When going to City Hall to register to vote, the young people of Lawrence often tick off the box next to No Party.
But when they go with their parents to register, they enroll under whatever major political party their families have traditionally supported, said Rafael R. Tejeda, the city’s election coordinator, who noticed the phenomenon.
“At times the parent will declare, ‘In my house we vote Democrat!’” he said with a chuckle.
While avoiding parental disappointment is still very much in vogue, the same cannot be said for strong political party affiliations that have defined past generations. Data from the last two gubernatorial elections and the state primaries in September show more voters in the Boston suburbs are choosing to register as “unenrolled,” the state’s definition for independent voters.
Since 2006, the number of voters registered as unenrolled has increased in 156 of 158 communities across Eastern Massachusetts; the only exceptions were Brookline and Marblehead. In the same period, more people have registered to vote in all but 11 of those communities.
With a 32 percent increase in unenrolled registrations, Milford experienced the highest surge in the region, followed by a 29 percent increase in Billerica, and 28 percent in Hopkinton, according to a Globe analysis of enrollment data for the 158 cities and towns spanning from Salisbury to Boylston to Plymouth, and excluding Boston and Cambridge. The enrollment numbers include both active and inactive voters.
As of August, 55 percent of the region’s 2.4 million voters were registered as unenrolled; 33 percent as Democrats; and 11 percent as Republicans, according to the secretary of state’s office. Both Democrat and Republican enrollment decreased from 2006, while unenrollment increased. In 2006, 35 percent of the region’s 2.2 million voters were registered Democrats; 13 percent Republicans; and 52 percent unenrolled.
The numbers reflect a nationwide trend of voters increasingly registering as independent, and an overall decrease in party membership, said Michael Kryzanek, professor of political science at Bridgewater State University.

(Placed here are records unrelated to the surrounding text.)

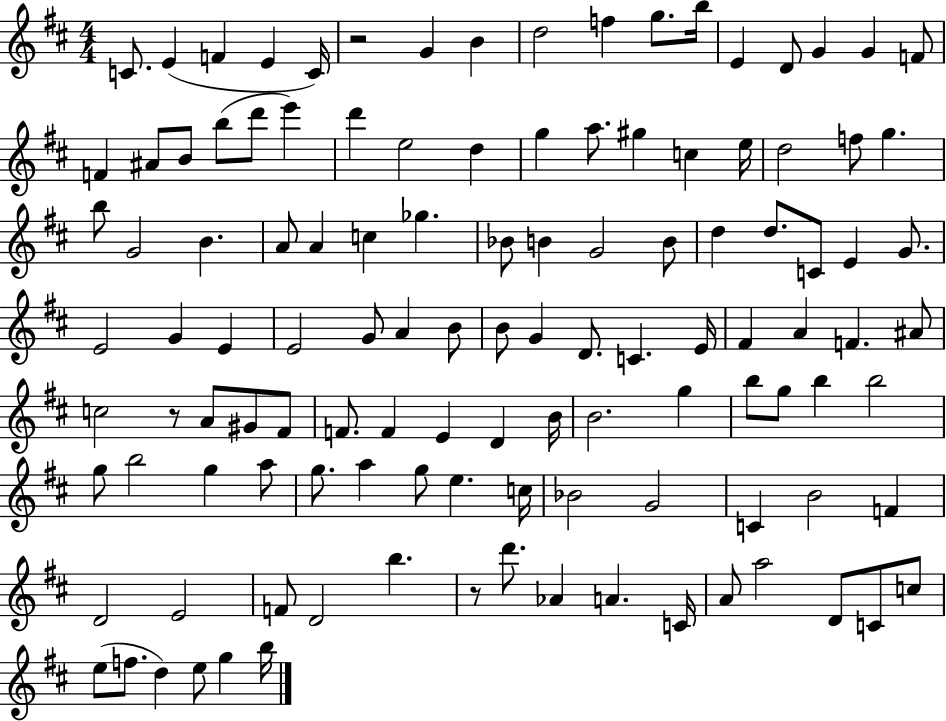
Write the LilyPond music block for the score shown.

{
  \clef treble
  \numericTimeSignature
  \time 4/4
  \key d \major
  c'8. e'4( f'4 e'4 c'16) | r2 g'4 b'4 | d''2 f''4 g''8. b''16 | e'4 d'8 g'4 g'4 f'8 | \break f'4 ais'8 b'8 b''8( d'''8 e'''4) | d'''4 e''2 d''4 | g''4 a''8. gis''4 c''4 e''16 | d''2 f''8 g''4. | \break b''8 g'2 b'4. | a'8 a'4 c''4 ges''4. | bes'8 b'4 g'2 b'8 | d''4 d''8. c'8 e'4 g'8. | \break e'2 g'4 e'4 | e'2 g'8 a'4 b'8 | b'8 g'4 d'8. c'4. e'16 | fis'4 a'4 f'4. ais'8 | \break c''2 r8 a'8 gis'8 fis'8 | f'8. f'4 e'4 d'4 b'16 | b'2. g''4 | b''8 g''8 b''4 b''2 | \break g''8 b''2 g''4 a''8 | g''8. a''4 g''8 e''4. c''16 | bes'2 g'2 | c'4 b'2 f'4 | \break d'2 e'2 | f'8 d'2 b''4. | r8 d'''8. aes'4 a'4. c'16 | a'8 a''2 d'8 c'8 c''8 | \break e''8( f''8. d''4) e''8 g''4 b''16 | \bar "|."
}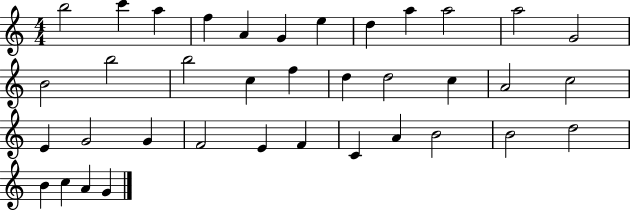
X:1
T:Untitled
M:4/4
L:1/4
K:C
b2 c' a f A G e d a a2 a2 G2 B2 b2 b2 c f d d2 c A2 c2 E G2 G F2 E F C A B2 B2 d2 B c A G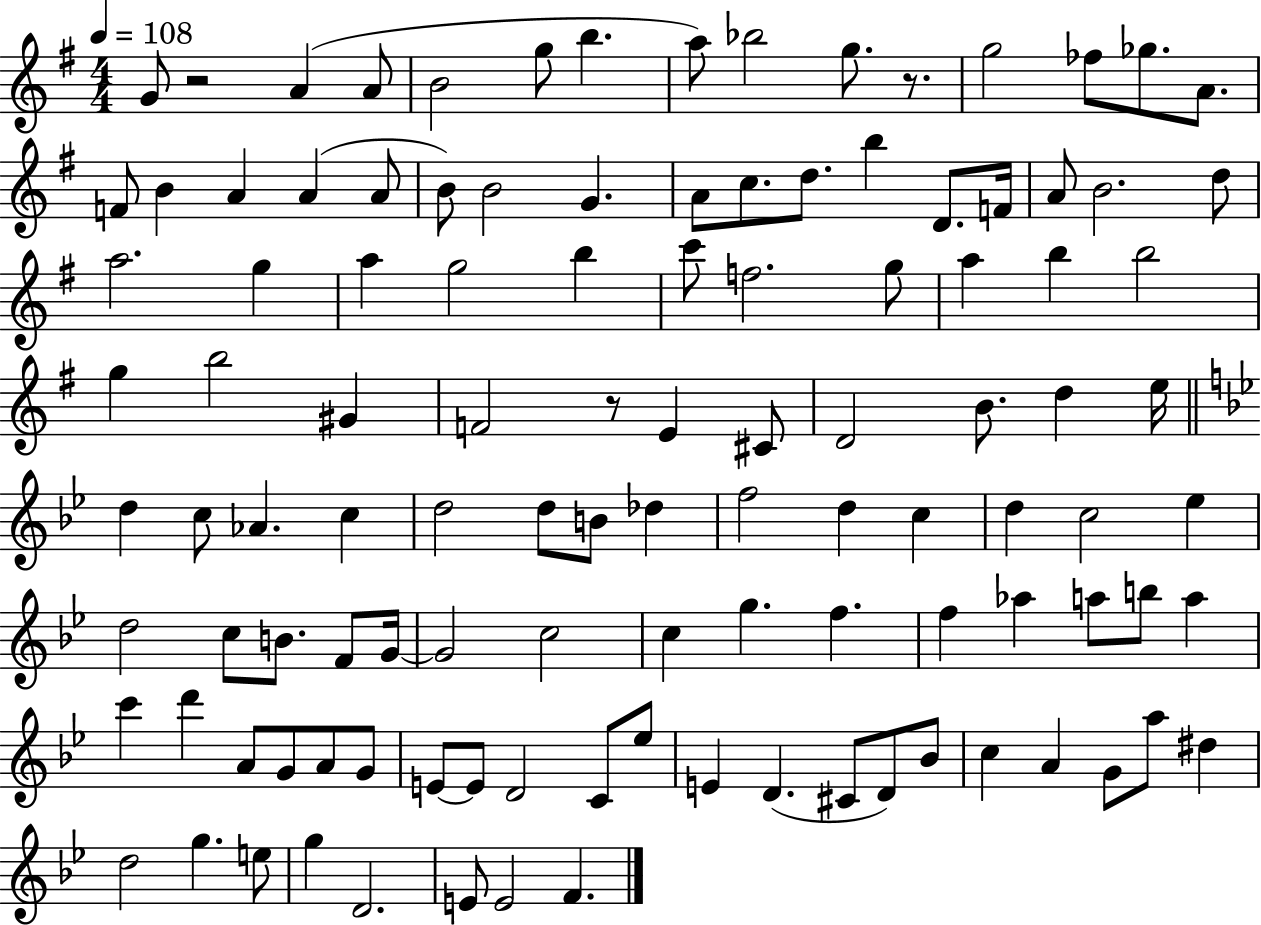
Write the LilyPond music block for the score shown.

{
  \clef treble
  \numericTimeSignature
  \time 4/4
  \key g \major
  \tempo 4 = 108
  \repeat volta 2 { g'8 r2 a'4( a'8 | b'2 g''8 b''4. | a''8) bes''2 g''8. r8. | g''2 fes''8 ges''8. a'8. | \break f'8 b'4 a'4 a'4( a'8 | b'8) b'2 g'4. | a'8 c''8. d''8. b''4 d'8. f'16 | a'8 b'2. d''8 | \break a''2. g''4 | a''4 g''2 b''4 | c'''8 f''2. g''8 | a''4 b''4 b''2 | \break g''4 b''2 gis'4 | f'2 r8 e'4 cis'8 | d'2 b'8. d''4 e''16 | \bar "||" \break \key bes \major d''4 c''8 aes'4. c''4 | d''2 d''8 b'8 des''4 | f''2 d''4 c''4 | d''4 c''2 ees''4 | \break d''2 c''8 b'8. f'8 g'16~~ | g'2 c''2 | c''4 g''4. f''4. | f''4 aes''4 a''8 b''8 a''4 | \break c'''4 d'''4 a'8 g'8 a'8 g'8 | e'8~~ e'8 d'2 c'8 ees''8 | e'4 d'4.( cis'8 d'8) bes'8 | c''4 a'4 g'8 a''8 dis''4 | \break d''2 g''4. e''8 | g''4 d'2. | e'8 e'2 f'4. | } \bar "|."
}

“The reputation of the political party machine has certainly come upon hard times,” Kryzanek said in an interview. “In the ’40s and ’50s, people voted ‘the party line.’ They saw their allegiance to a political party as part of their personal identification. This changed with Watergate and other historical events and personalities that moved people away from that allegiance to the political party.”
Political apathy has also played a role in the rise of the unaffiliated, especially amongvoters 45 and younger who feel less comfortable voting in lockstep with a party, with some opting not to vote at all, Kryzanek said.
This echoes a recent study by the Pew Research Center showing that so-called “Millennials,’’ now age 18 to 33, are most likely to identify as politically independent. This has forced major party candidates to go after the unenrolled, changing the way campaigns are run, including those of gubernatorial candidates Charlie Baker and Martha Coakley , Kryzanek said.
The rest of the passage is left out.